Fordsburg Square in Fordsburg is a thriving square that is the site of a flea market was recently known for being run-down. This square in Johannesburg is the location of a battle between striking miners and the South African police, army and air force.

Description
Fordsburg Square is the site of a flea market that was known for being run-down.

History

The Rand Rebellion against the powers of law and order ended here on the 14 March 1922. The uprising came out of a strike of black gold miners that started on `1 January 1922 in response to five shilling wage cut per shift. The White workers joined them ten days later because the owners of the mine had decided to cut costs by employing (cheaper) more black miners instead of the existing white workers. 

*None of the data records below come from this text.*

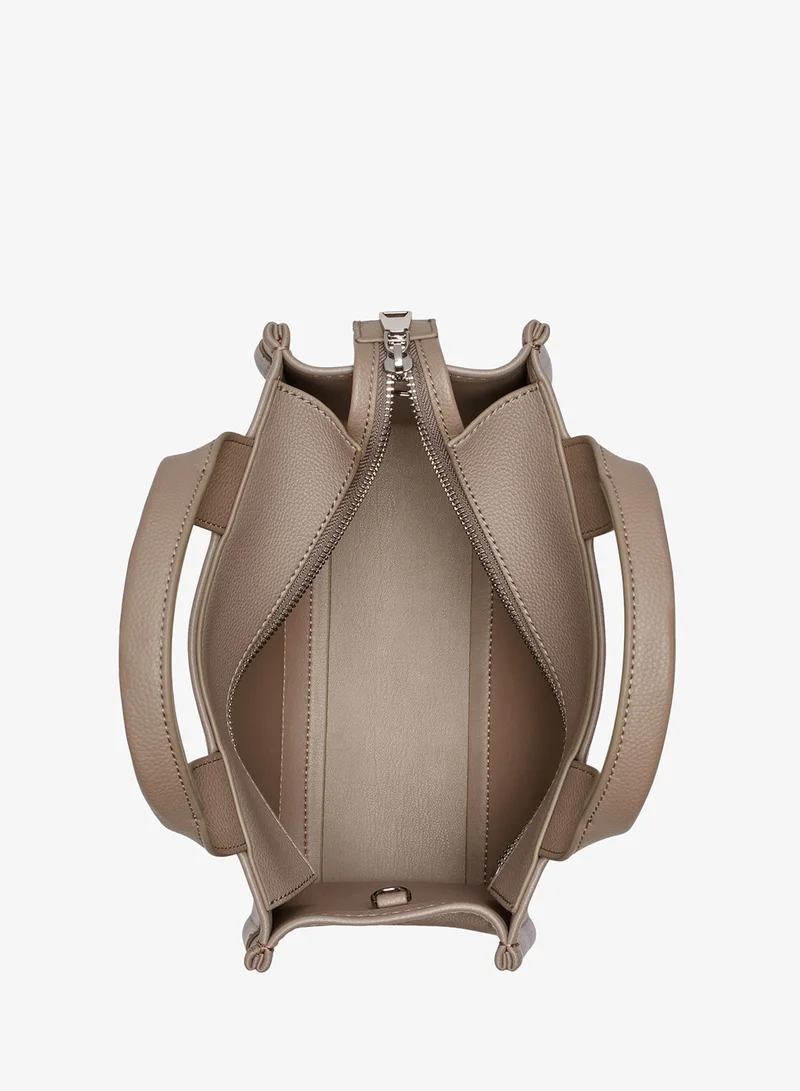 د ك ن ي Hadlee Small Tote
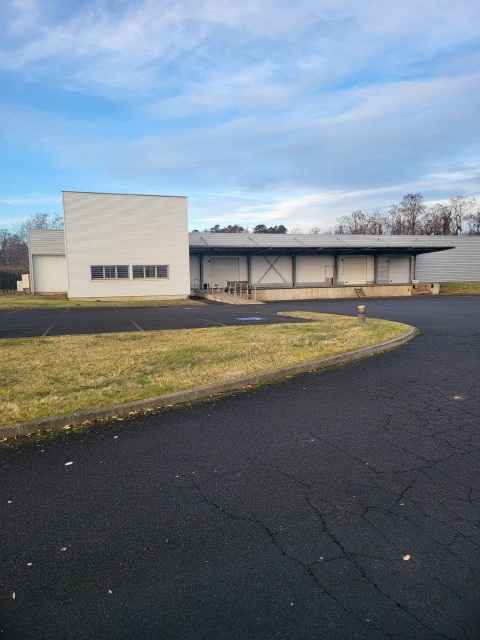 Vente Local d'activité / Entrepôt, 1100 m2 à Issoire (63500)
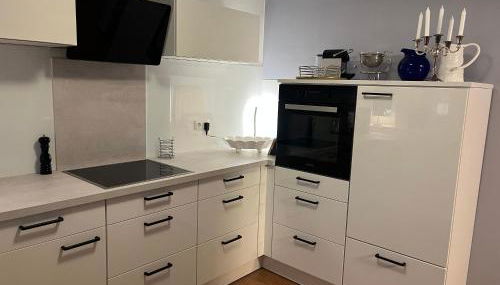 Ferienwohnung im Blauen Haus - Foto 2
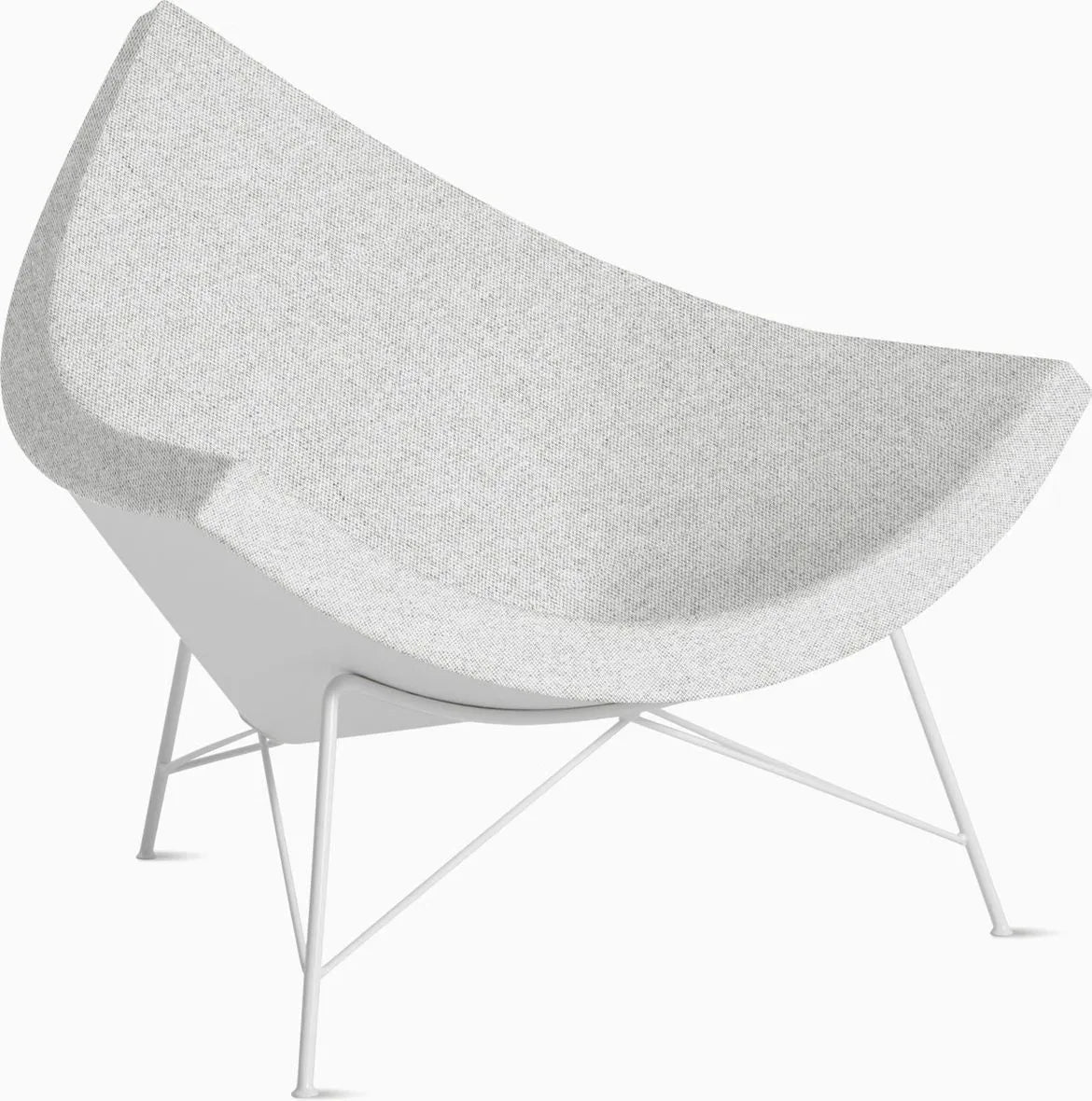 Nelson Coconut Chair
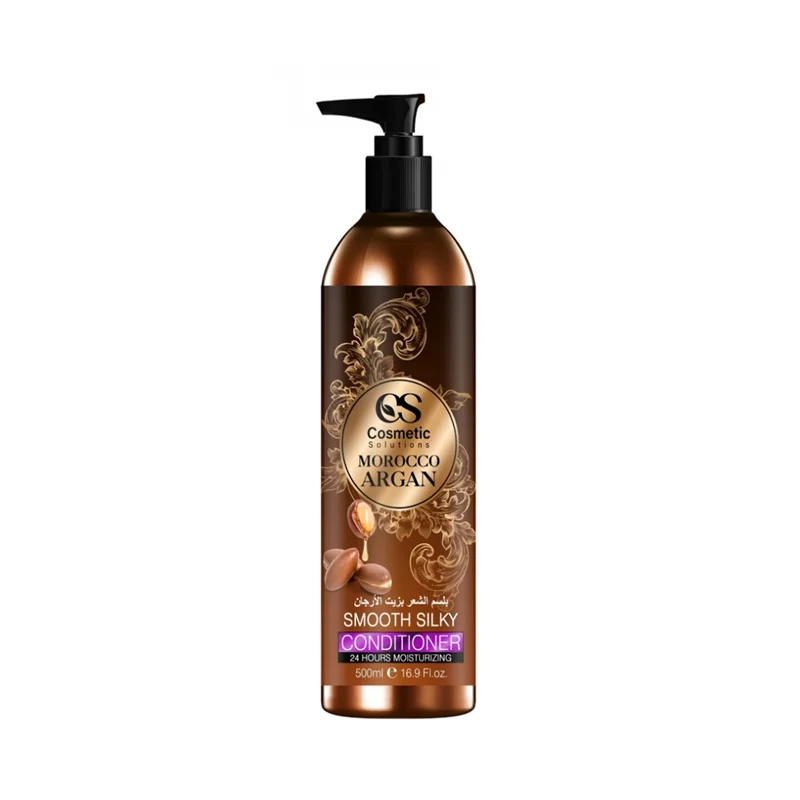 Cosmetic Solution Argan Oil Hair Balm 500 ml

The workers did not just withdraw their labour but the a portion of the 20,000 white workers and the 180,000 black miners took over areas of Johannesburg and they were in control of Benoni, Brakpan suburbs of Fordsburg and Jeppe. The strike had become an open rebellion and on the 15 March the army was called to bombard the Fordsburg square which was deemed the stronghold of the rebels. By this time the rebels had dug substantial World War I trenches across the square. Even the South African Air Force was called to bomb this square but they hit the nearby Mint Road Presbyterian Church.

Today
One of the buildings that offered protection to the rebels was the municipal toilets and these are still standing and in use. In 2013 a Blue Plaque was added to the side of that building to commemorate the role that the square took in the History of South Africa.